Mr. Booker cited a 2015 study concluding that people with mental illness are 16 times more likely to die during a police encounter.

“Public health issues cannot be fixed with a law enforcement response,” he continued. “We must find a different way.”

Kevin Martone, former Deputy Commissioner of the New Jersey Department of Human Services, told lawmakers using armed police to respond to a person in crisis unnecessarily escalates the situation.

“Unnecessarily dispatching armed officers to a call where their presence is unnecessary is more than just an ineffective use of safety resources. It can also create substantially adverse outcomes for communities of color, individuals with behavioral health disorders and disabilities,” he said in testimony.

Republicans and law enforcement witnesses seized on the rising crime rates in cities across the country. Deploying unarmed civilians with no law enforcement training to potentially dangerous situations creates a greater risk to bystanders.

Sen.

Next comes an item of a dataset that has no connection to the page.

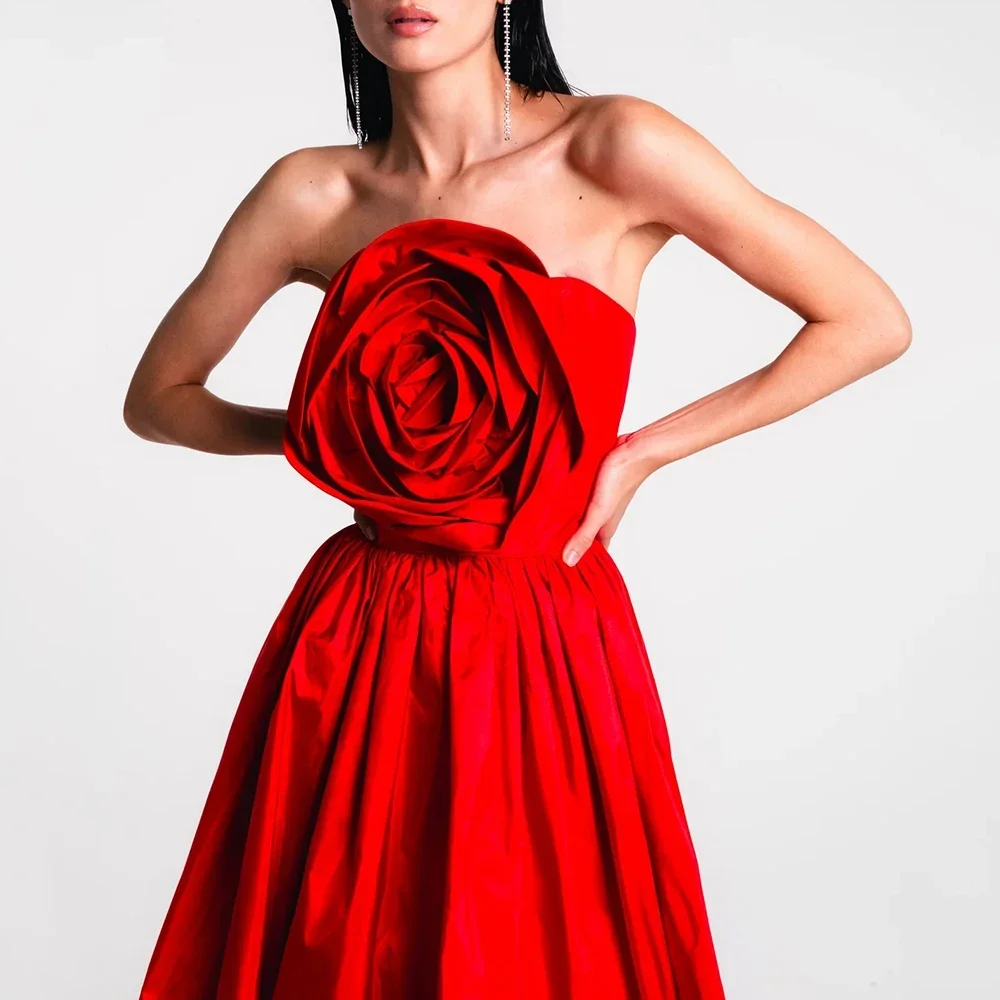 2024 New Women's Red Luxury Strapless 3D Rose A Long Wedding Bridesmaid Dress Elegant Celebrity Party Evening Dress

Tom Cotton, Arkansas Republican, noted that many violent criminals also suffer from mental health issues, which blurs the line between deciding to dispatch law enforcement or mental health professionals.

Terri O’Connor, the widow of Philadelphia Police Sgt. James O’Connor, who was fatally shot while serving a murder warrant in March 2020, testified to the committee that the idea of sending mental health workers to emergency calls was “absurd.”

Ms. O’Connor emotionally detailed her husband’s death, noting his killer had committed four previous murders and was holed up in an apartment with guns and drugs.

“Who do you think should be responsible for going into the room and responding to incidents involving hardened criminals like this? Mental health workers? This is the job my husband and his coworkers signed up for. These are split-second decisions that need to be made,” she said.